Native RBD rate limiting is supported in the Ceph Nautilus release. Due to upstream availability and multiple Debian releases we will likely have a mixture of older Ceph client versions during phase1.

Available rate limiting options and their defaults in the Nautilus release:

$ rbd config pool ls <pool> | grep qos
rbd_qos_bps_burst                                   0         config
rbd_qos_bps_limit                                   0         config
rbd_qos_iops_burst                                  0         config
rbd_qos_iops_limit                                  0         config
rbd_qos_read_bps_burst                              0         config
rbd_qos_read_bps_limit                              0         config
rbd_qos_read_iops_burst                             0         config
rbd_qos_read_iops_limit                             0         config
rbd_qos_schedule_tick_min                           50        config
rbd_qos_write_bps_burst                             0         config
rbd_qos_write_bps_limit                             0         config
rbd_qos_write_iops_burst                            0         config
rbd_qos_write_iops_limit                            0         config

OpenStack

IO rate limiting can also be managed using a flavor's metadata. This will trigger libvirt to apply `iotune` limits on the ephemeral disk.

Available disk tuning options
  • disk_read_bytes_sec
  • disk_read_iops_sec
  • disk_write_bytes_sec
  • disk_write_iops_sec
  • disk_total_bytes_sec
  • disk_total_iops_sec

Example commands to create or modify flavors metadata with rate limiting options roughly equal to a 7200RPM SATA Disk:

openstack flavor create \
  --ram 2048 \
  --disk 20 \
  --vcpus 1 \
  --private \
  --project testlabs \
  --id 857921a5-f0af-4069-8ad1-8f5ea86c8ba2 \
  --property quota:disk_total_iops_sec=200 m1.small-ceph
openstack flavor set --property quota:disk_total_bytes_sec=250000000 857921a5-f0af-4069-8ad1-8f5ea86c8ba2

The Ceph host aggregate will pin flavors to the Hypervisors configured to use Ceph

openstack flavor set --property aggregate_instance_extra_specs:ceph=true 857921a5-f0af-4069-8ad1-8f5ea86c8ba2

Example rate limit configuration as seen by libvirt. (virsh dumpxml <instance name>)

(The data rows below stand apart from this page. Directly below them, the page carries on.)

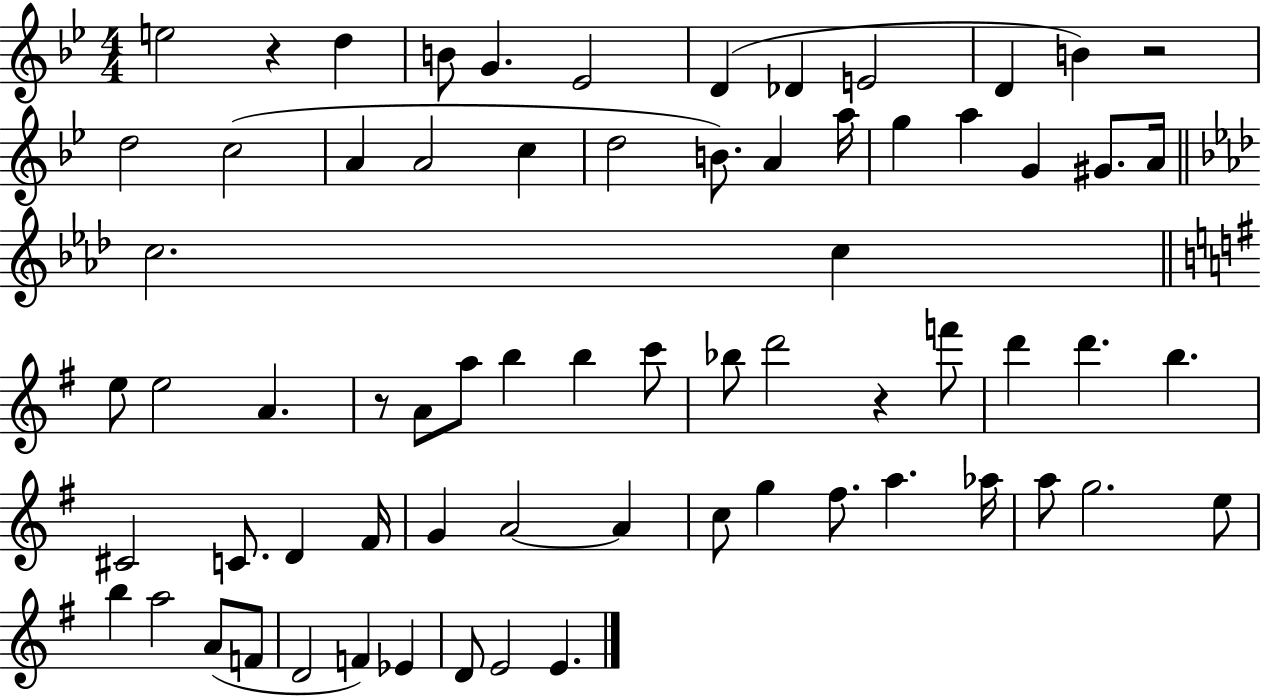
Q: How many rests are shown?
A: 4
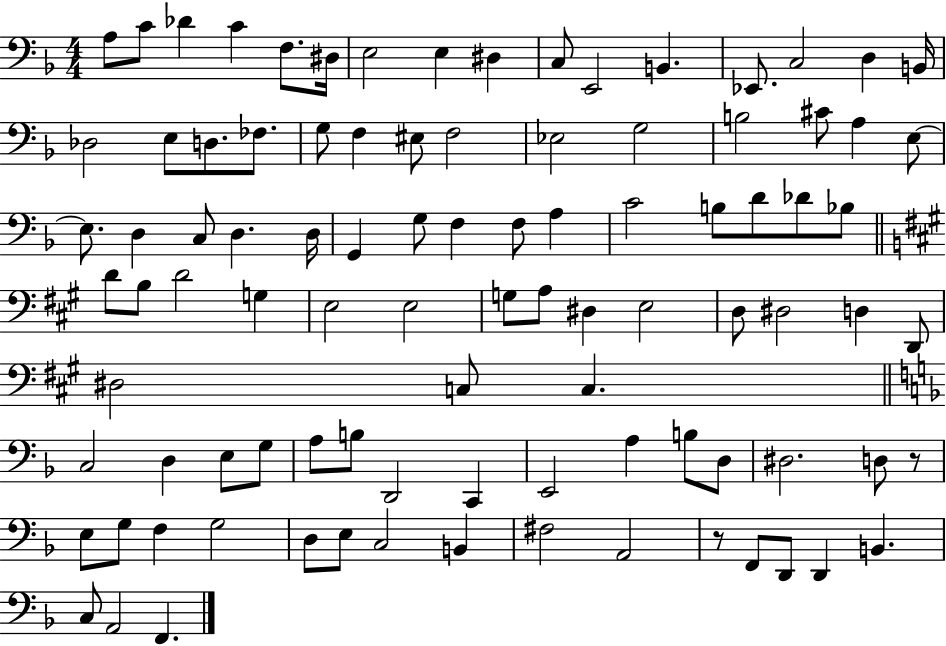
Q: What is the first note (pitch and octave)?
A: A3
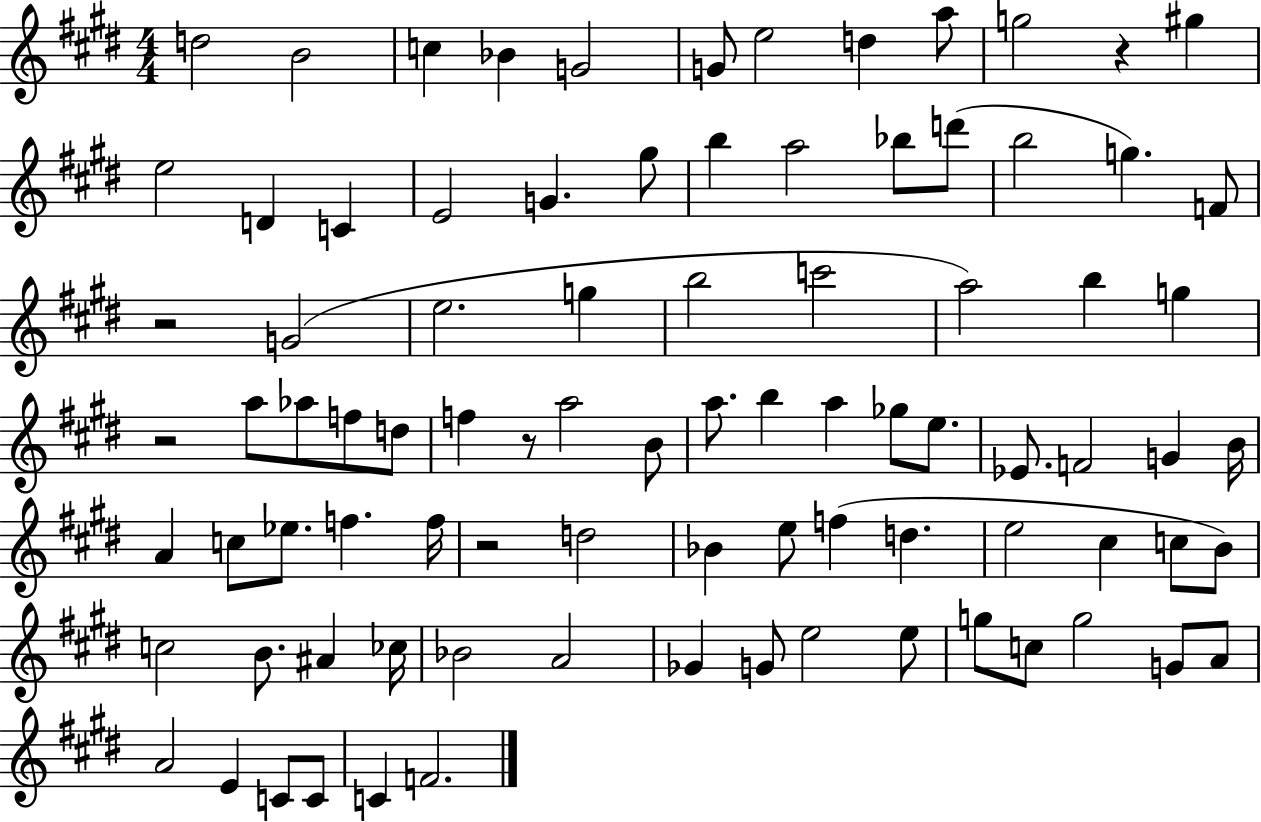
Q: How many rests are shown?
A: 5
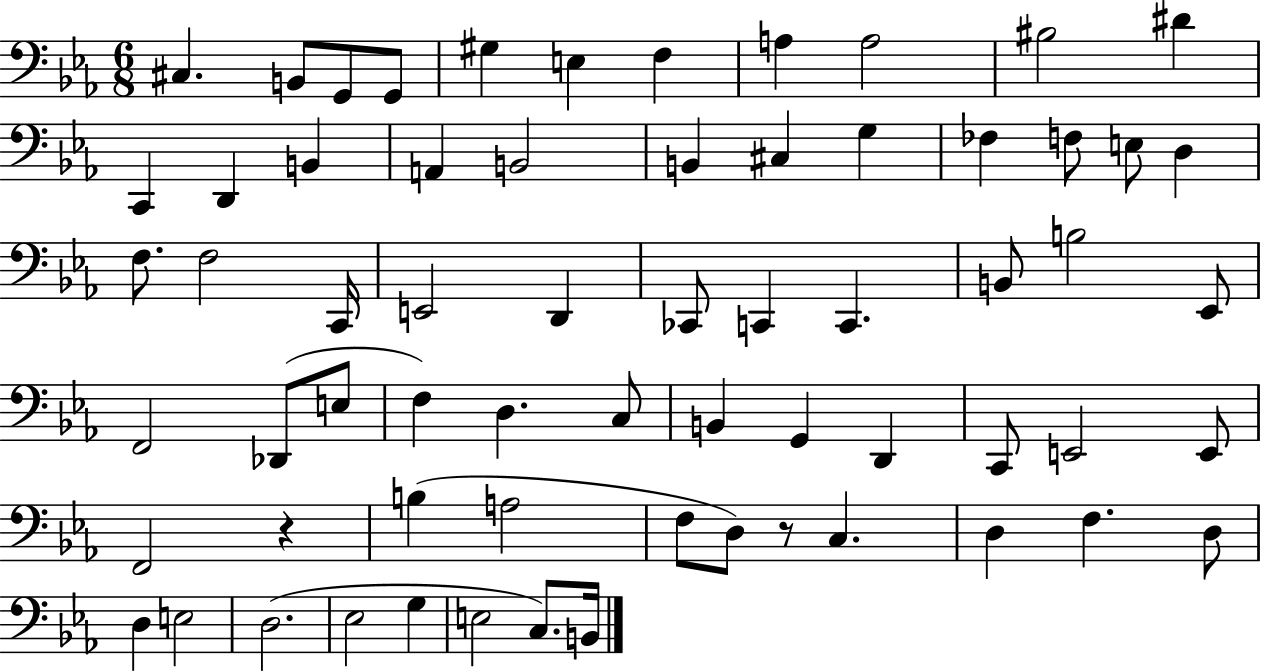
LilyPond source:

{
  \clef bass
  \numericTimeSignature
  \time 6/8
  \key ees \major
  cis4. b,8 g,8 g,8 | gis4 e4 f4 | a4 a2 | bis2 dis'4 | \break c,4 d,4 b,4 | a,4 b,2 | b,4 cis4 g4 | fes4 f8 e8 d4 | \break f8. f2 c,16 | e,2 d,4 | ces,8 c,4 c,4. | b,8 b2 ees,8 | \break f,2 des,8( e8 | f4) d4. c8 | b,4 g,4 d,4 | c,8 e,2 e,8 | \break f,2 r4 | b4( a2 | f8 d8) r8 c4. | d4 f4. d8 | \break d4 e2 | d2.( | ees2 g4 | e2 c8.) b,16 | \break \bar "|."
}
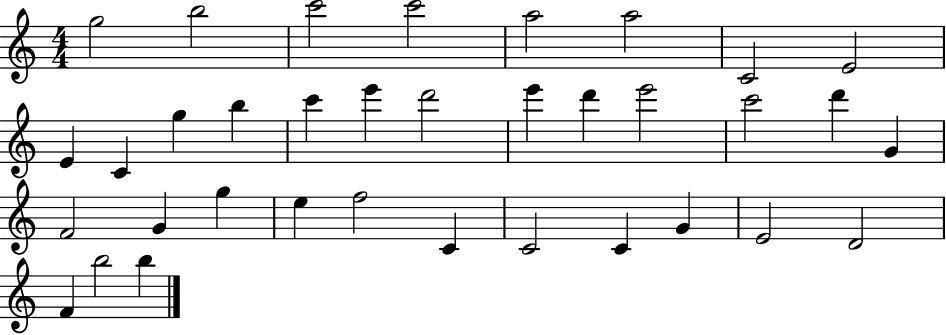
X:1
T:Untitled
M:4/4
L:1/4
K:C
g2 b2 c'2 c'2 a2 a2 C2 E2 E C g b c' e' d'2 e' d' e'2 c'2 d' G F2 G g e f2 C C2 C G E2 D2 F b2 b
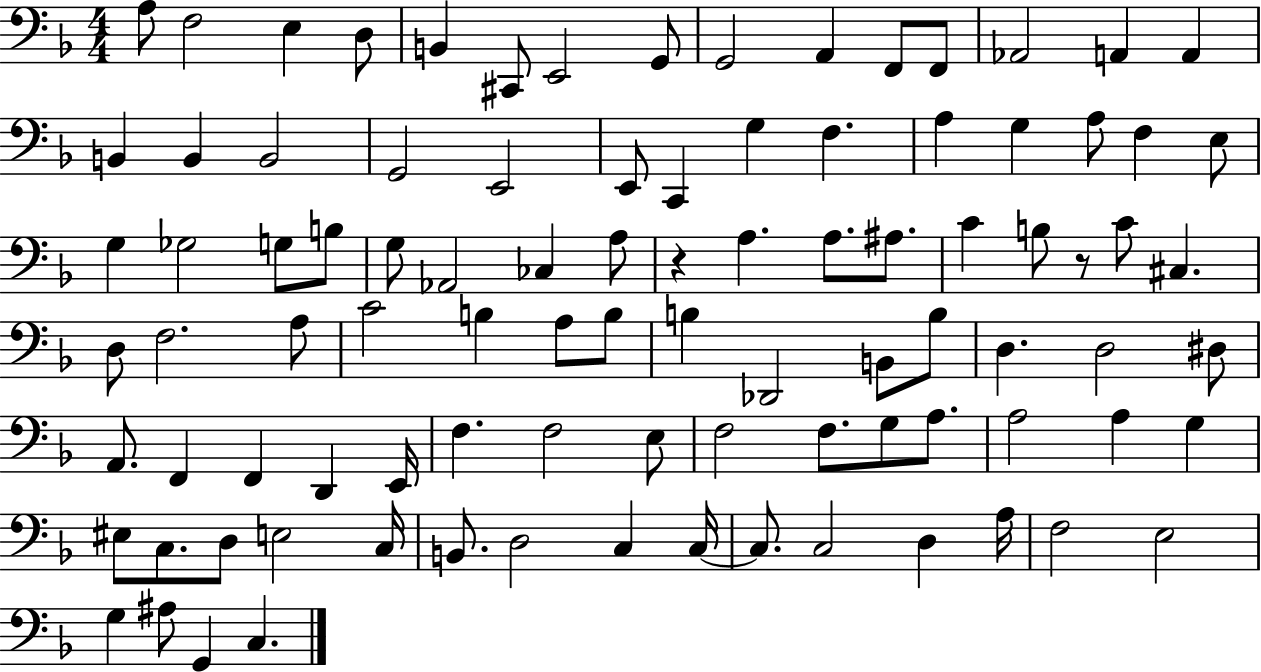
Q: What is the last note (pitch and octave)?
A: C3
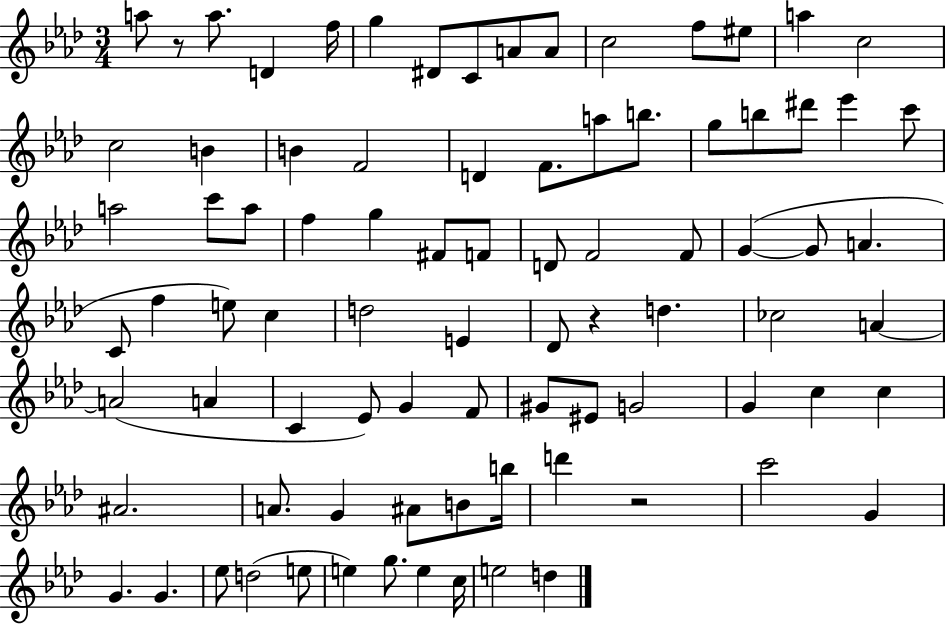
{
  \clef treble
  \numericTimeSignature
  \time 3/4
  \key aes \major
  a''8 r8 a''8. d'4 f''16 | g''4 dis'8 c'8 a'8 a'8 | c''2 f''8 eis''8 | a''4 c''2 | \break c''2 b'4 | b'4 f'2 | d'4 f'8. a''8 b''8. | g''8 b''8 dis'''8 ees'''4 c'''8 | \break a''2 c'''8 a''8 | f''4 g''4 fis'8 f'8 | d'8 f'2 f'8 | g'4~(~ g'8 a'4. | \break c'8 f''4 e''8) c''4 | d''2 e'4 | des'8 r4 d''4. | ces''2 a'4~~ | \break a'2( a'4 | c'4 ees'8) g'4 f'8 | gis'8 eis'8 g'2 | g'4 c''4 c''4 | \break ais'2. | a'8. g'4 ais'8 b'8 b''16 | d'''4 r2 | c'''2 g'4 | \break g'4. g'4. | ees''8 d''2( e''8 | e''4) g''8. e''4 c''16 | e''2 d''4 | \break \bar "|."
}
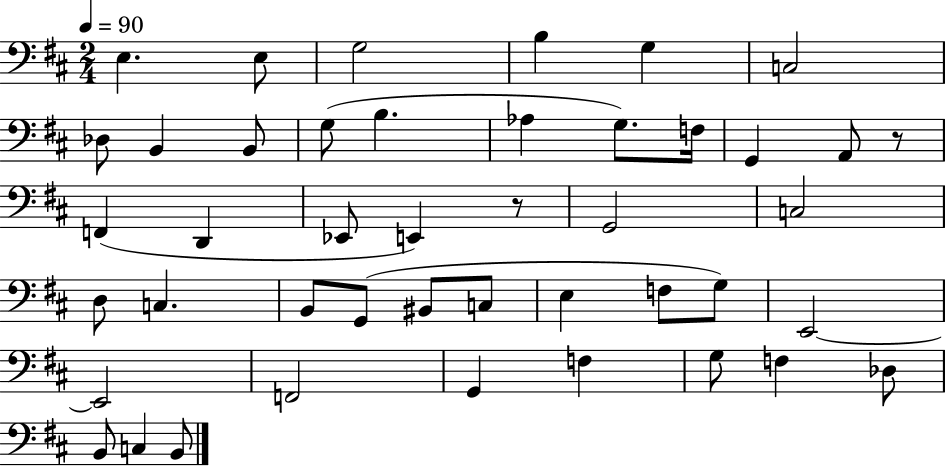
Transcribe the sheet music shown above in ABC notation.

X:1
T:Untitled
M:2/4
L:1/4
K:D
E, E,/2 G,2 B, G, C,2 _D,/2 B,, B,,/2 G,/2 B, _A, G,/2 F,/4 G,, A,,/2 z/2 F,, D,, _E,,/2 E,, z/2 G,,2 C,2 D,/2 C, B,,/2 G,,/2 ^B,,/2 C,/2 E, F,/2 G,/2 E,,2 E,,2 F,,2 G,, F, G,/2 F, _D,/2 B,,/2 C, B,,/2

<target dev='sda' bus='virtio'/>
 <iotune>
  <total_bytes_sec>250000000</total_bytes_sec>
  <total_iops_sec>200</total_iops_sec>
 </iotune>

NOTE: Updating a flavors metadata does not have any effect on existing virtual machines.

When a virtual machine is created the requested flavor data is copied to the instance, and any future updates to the flavor are ignored. This script will connect to the Nova database and directly modify extra specs.

$ wmcs-vm-extra-specs --help
usage: wmcs-vm-extra-specs [-h] [--nova-db-server NOVA_DB_SERVER] [--nova-db NOVA_DB] [--mysql-password MYSQL_PASSWORD]
                          uuid
                          {quota:disk_read_bytes_sec,
                           quota:disk_read_iops_sec,
                           quota:disk_total_bytes_sec,
                           quota:disk_total_iops_sec,
                           quota:disk_write_bytes_sec,
                           quota:disk_write_iops_sec}
                          spec_value

Glance

Glance images used by Ceph based virtual machines should have the hw_scsi_model=virtio-scsi hw_disk_bus=scsi properties defined. These properties will enable SCSI discard operations and instruct Ceph to remove blocks that have been deleted.

Image create example

openstack image create --file debian-buster-20191218.qcow2 \
  --disk-format "qcow2" \
  --property hw_scsi_model=virtio-scsi \
  --property hw_disk_bus=scsi \
  --public \
  debian-10.0-buster

(Once Glance is configured to store images in Ceph, the disk-format will change from qcow2 to raw)

Nova compute

Migrating local VMs to Ceph

Switch puppet roles to the Ceph enabled wmcs::openstack::eqiad1::virt_ceph role. In operations/puppet/manifest/site.pp:

node 'cloudvirt1022.eqiad.wmnet' {
   role(wmcs::openstack::eqiad1::virt_ceph)
}

Run the puppet agent on the hypervisor

hypervisor $ sudo puppet agent -tv

Shutdown the VM

cloudcontrol $ openstack server stop <UUID>

Convert the local QCOW2 image to raw and upload to Ceph

hypervisor $ qemu-img convert -f qcow2 -O raw /var/lib/nova/instances/<UUID>/disk rbd:compute/<UUID>_disk:id=eqiad1-compute

Undefine the virtual machine. This command removes the existing libvirt definition from the hypervisor, once nova attempts to start the VM it will be redefined with the RBD configuration. (This step can be ignored, but you may notice some errors in nova-compute.log until the VM has been restarted)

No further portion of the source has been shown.